The day-to-day chores of life can become overwhelming for family caregivers. The hospice staff can teach them to care for the dying person at home — administer medications, operate equipment and coordinate services. Volunteers are integral members of the hospice staff, providing companionship and assistance with household activities.
Financial worry can be a major burden for a patient facing a terminal illness. Most hospice patients are Medicare participants with ready access to a hospice benefit that minimizes out-of-pocket expenses in the last months of life. The Medicare Hospice Benefit covers prescribed medications, medical equipment and supplies, visits by medical and nursing professionals, home health aides, short-term inpatient care and bereavement support for the family after the patient has died. The Medicare Hospice Benefit also eliminates the burden of paperwork, as families are not required to submit claims or pay bills. Virtually all other medical plans include some level of hospice coverage. For patients without hospice insurance, financial accommodations are made based on the ability to pay.
Hospice is Not Just for Cancer Patients
Although about half of hospice care is provided to cancer patients, hospice is also for patients with HIV/AIDS; advanced respiratory, cardiac, liver and kidney diseases; Alzheimer’s Disease; Parkinson’s Disease; Multiple Sclerosis; or Amyotrophic Lateral Sclerosis (ALS). Many hospices serve children as well as adults, and most communities have hospices that specialize in pediatric care.

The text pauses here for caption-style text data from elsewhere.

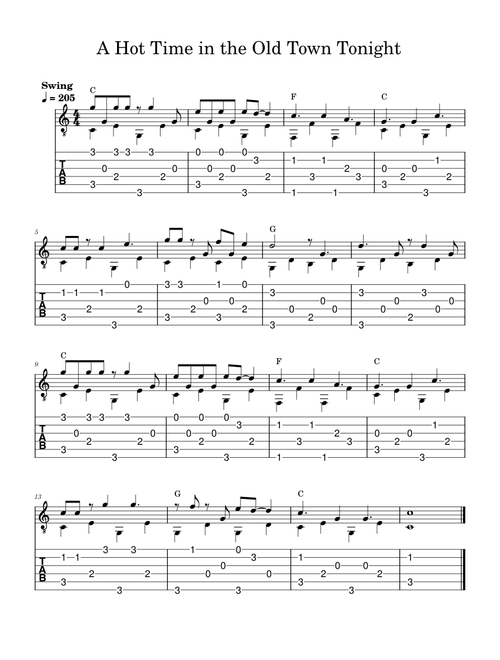 A Hot Time in the Old Town Tonight – Mississippi John Hurt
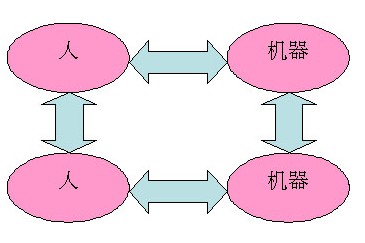 M2M基础知识专题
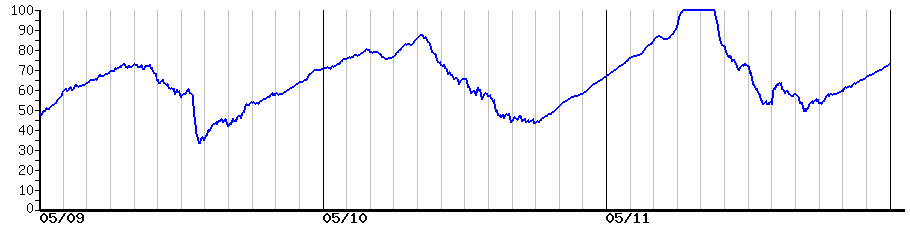 image graph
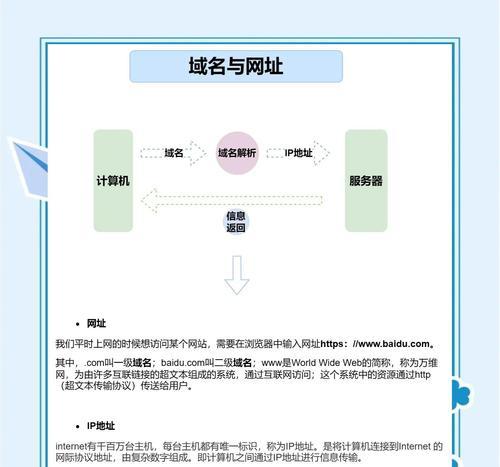 域名解析后无法访问网站怎么办？登录步骤是什么？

Hospice is Also for Grieving People
A key component of comprehensive hospice services, grief counseling is offered to all family members during the illness and for about a year after the death. Most hospices offer bereavement support groups which are open to the community, and the hospice bereavement team welcomes opportunities to work with schools, employers and religious organizations.
Professional geriatric care managers can help patients recognize problems that may be related to unresolved grief. Common symptoms include apathy, fatigue, confusion or depression, withdrawal from family or friends, and loss of appetite. Grief can also be an underlying cause of alcohol or drug abuse. Local hospices can help with grief counseling services or referrals to community-based therapists with expertise in complicated grieving.
When to Introduce Hospice
Professional geriatric care managers know their clients best and can identity opportunities to introduce hospice as an option within the care continuum. The less urgent the occasion, the greater the opportunity for dialogue. Indeed, when its full benefits are highlighted, hospice can be discussed in a hopeful and constructive manner.
Professional geriatric care managers who are interested in fully supporting clients in end-of-life decisions can initiate discussions about hospices when:
- Describing the Medicare Hospice Benefit, which all Medicare beneficiaries are entitled to.
- Presenting a full continuum of care after a patient’s life-threatening diagnosis.
- Discussing a life-threatening illness a family member is facing.
- Responding to grief-related problems in the family.
A sensitive presentation about hospice care offers clients’ maximum choice at important life stages. Deferring discussions about hospice may deprive clients and families of comprehensive care at home, emotional support, spiritual resolution, and financial protection.